Ignorando a provocação, Haruto voltou sua atenção para a próxima mensagem de Ayaka.
[Podemos nos encontrar depois da aula hoje?]
Junto da mensagem, ela enviou um adesivo fofo de um coelhinho espiando timidamente.
[Vou passar na sua casa esta tarde], Haruto respondeu.
[Yay!!] A resposta empolgada de Ayaka trouxe um sorriso natural ao rosto de Haruto.
"Sério, Haru, o que você tá sorrindo aí?" Tomoya questionou.
"Nada que te interesse", Haruto rebateu, guardando o celular no bolso.
****
Depois da cerimônia de abertura, Haruto voltou para casa. Ele notou que o calor parecia mais ameno do que no verão, pensou ao abrir a porta.

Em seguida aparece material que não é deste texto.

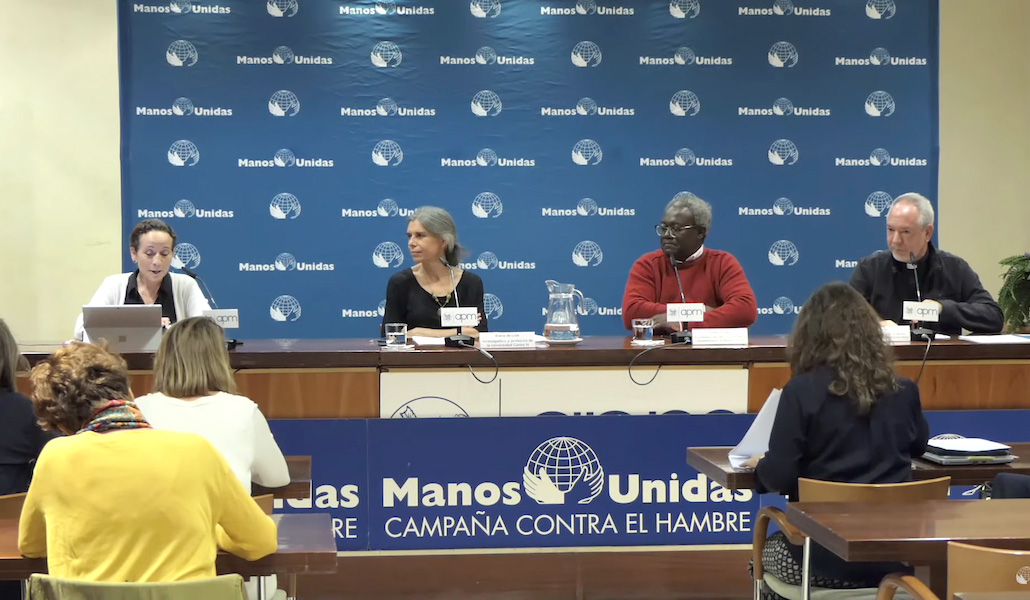 Mesa redonda de Manos Unidas
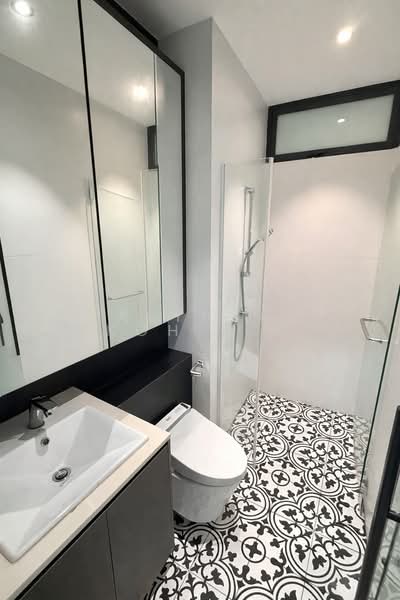 Highline Residences, 13 Kim Tian Road, 3 Bedrooms, 1,206 sqft, Condominium For Sale, by Alyssa Koh L X, 500107663 - Bathroom - PropertyGuru.com.sg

"Cheguei", anunciou casualmente. Esperando que a casa estivesse vazia, já que sua avó geralmente trabalhava, ele ficou surpreso ao encontrá-la na sala.
"Vó? A senhora está em casa?"
Sua avó levantou a cabeça, surpresa, e então sorriu gentilmente.
"Bem-vindo de volta, Haruto."
"A senhora teve folga hoje?" ele perguntou.
"Sim… mais ou menos", ela respondeu de forma vaga.
A avó de Haruto trabalhava em um restaurante próximo, administrado por uma velha amiga. O trabalho flexível tinha sido uma bênção, especialmente depois que ela começou a trabalhar para sustentar Haruto após o acidente que tirou seus pais.
Indo para a cozinha, Haruto chamou: "Tô pensando em fazer yakisoba para o almoço. Pode ser?"
"Pode sim", ela respondeu distraída.
Após uma pausa, Haruto acrescentou: "Eu tô planejando ir à casa da Ayaka depois."
"Está bem", ela repetiu, ainda parecendo distante.
Sentindo que algo estava errado, Haruto voltou para a sala.
"Vó, a senhora tá bem?" ele perguntou, visivelmente preocupado.
Ela hesitou antes de soltar um suspiro profundo. "Na verdade… o restaurante da Kikuchi-san vai fechar."
"O quê?! Sério?"
A avó explicou que a saúde da amiga havia piorado, tornando impossível continuar administrando o restaurante. Preocupado com a chance de sua avó não conseguir outro trabalho na sua idade, Haruto sugeriu:
"Talvez eu devesse pular a faculdade e começar a trabalhar depois do ensino médio."
Sua avó recusou imediatamente.
"Não. Você vai para a faculdade. É para isso que você tem se esforçado. Deixe o resto comigo."
A resolução firme dela deixou Haruto sem argumentos, pelo menos por enquanto. Após o almoço, ela o empurrou gentilmente para fora da porta com um sorriso, dizendo para não fazer Ayaka esperar.